The task:
Retype word for word the line containing "新十年 再出发——写在2025郑州跨境电商大会即将举办之际" and each line that follows it in the records below, through the last one, with no pictures.

::: The input :::

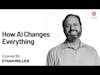 Ethan Mollick — How AI Changes Everything | Episode 166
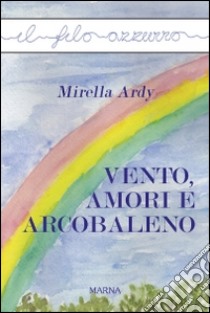 Vento, amori e arcobaleno libro di Ardy Mirella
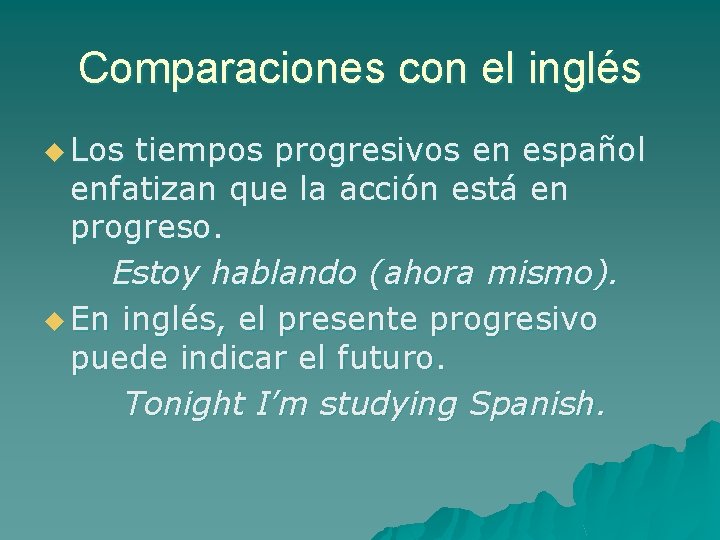 Comparaciones con el inglés u Los tiempos progresivos en español enfatizan que la acción Comparaciones con el inglés u Los tiempos progresivos en español enfatizan que la acción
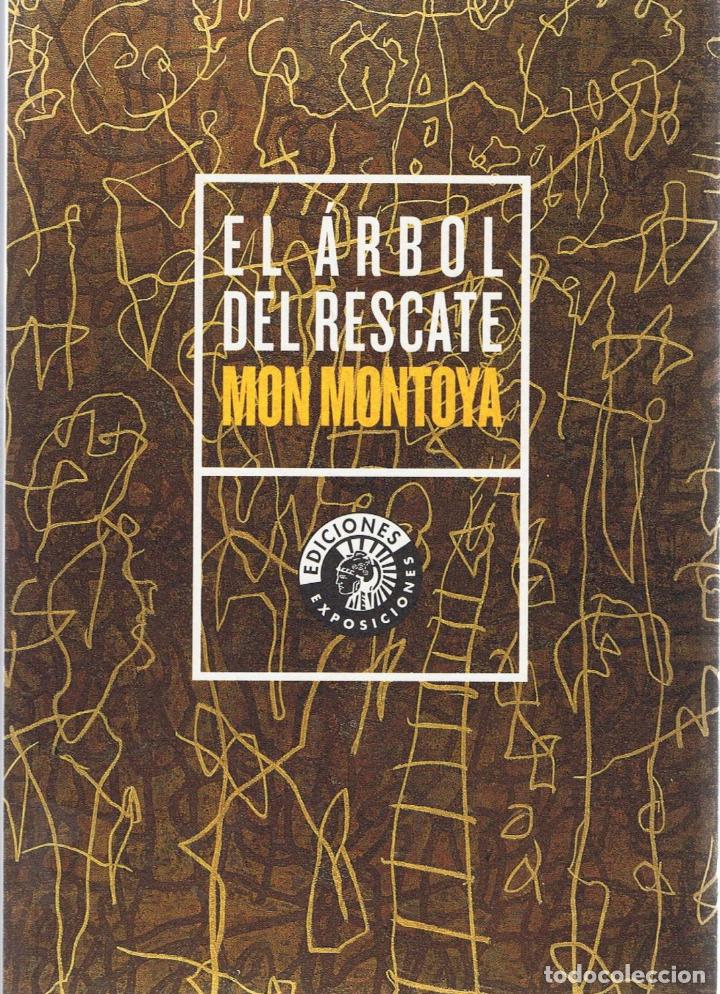 Libros: MON MONTOYA. EL &Aacute;RBOL DEL RESCATE - Cat&aacute;logo - Foto 1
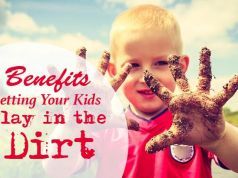 9 Benefits Of Letting Your Kids Play In The Dirt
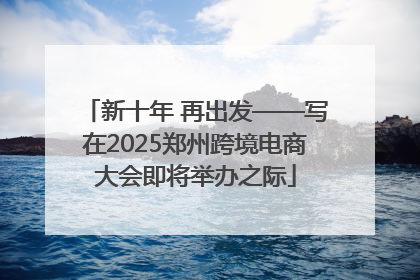 新十年 再出发——写在2025郑州跨境电商大会即将举办之际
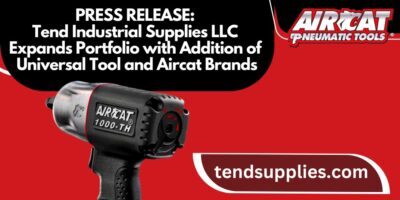 Press Release:Tend Industrial Supplies LLC Expands Portfolio with Addition of Universal Tool and Aircat Brands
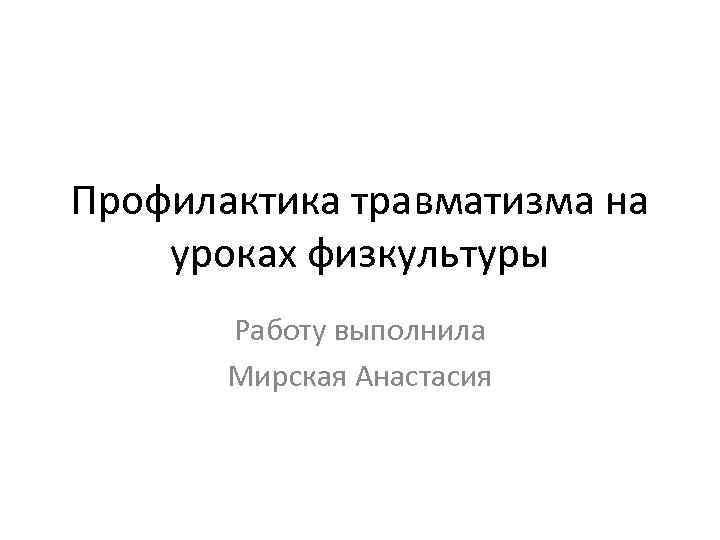 Профилактика травматизма на уроках физкультуры Работу выполнила Мирская Анастасия 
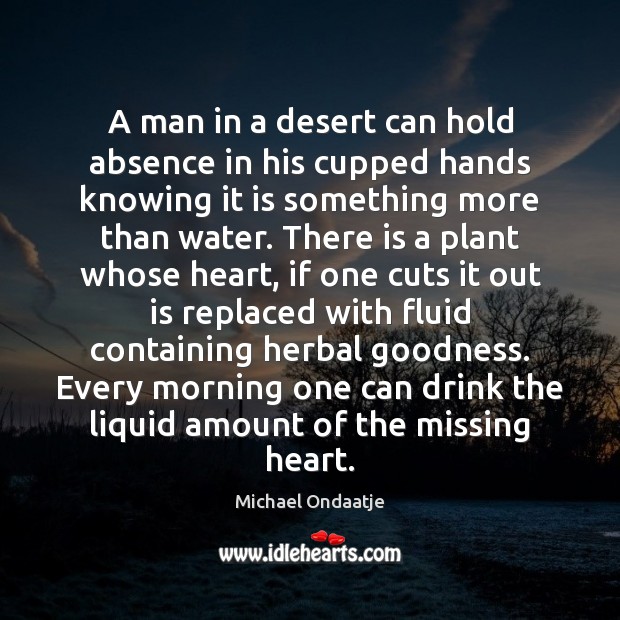 A man in a desert can hold absence in his cupped hands Michael Ondaatje Picture Quote
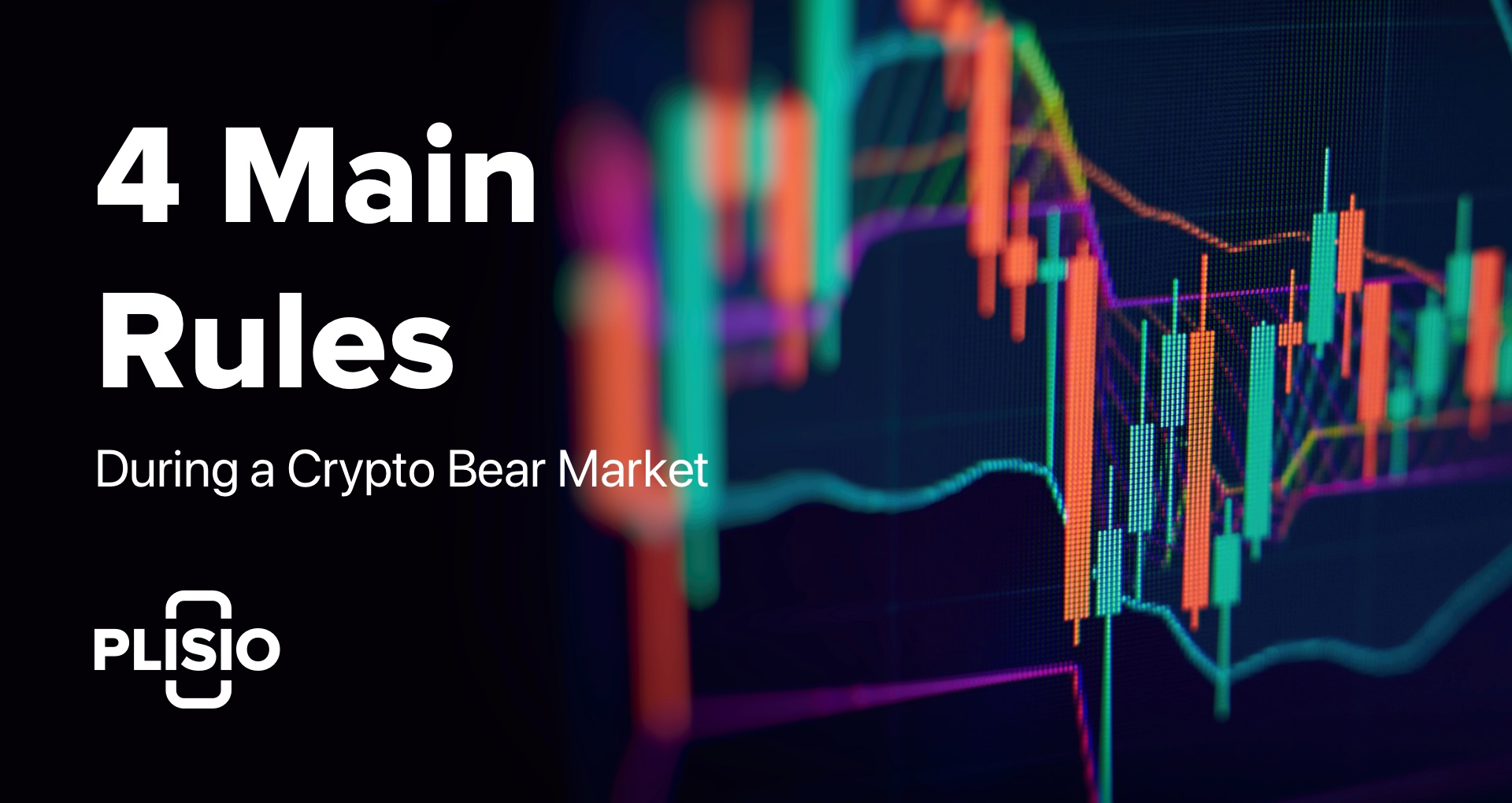 4 Main Rules During a Crypto Bear Market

:::

Result of this task:
 新十年 再出发——写在2025郑州跨境电商大会即将举办之际
 Press Release:Tend Industrial Supplies LLC Expands Portfolio with Addition of Universal Tool and Aircat Brands
 Профилактика травматизма на уроках физкультуры Работу выполнила Мирская Анастасия 
 A man in a desert can hold absence in his cupped hands Michael Ondaatje Picture Quote
 4 Main Rules During a Crypto Bear Market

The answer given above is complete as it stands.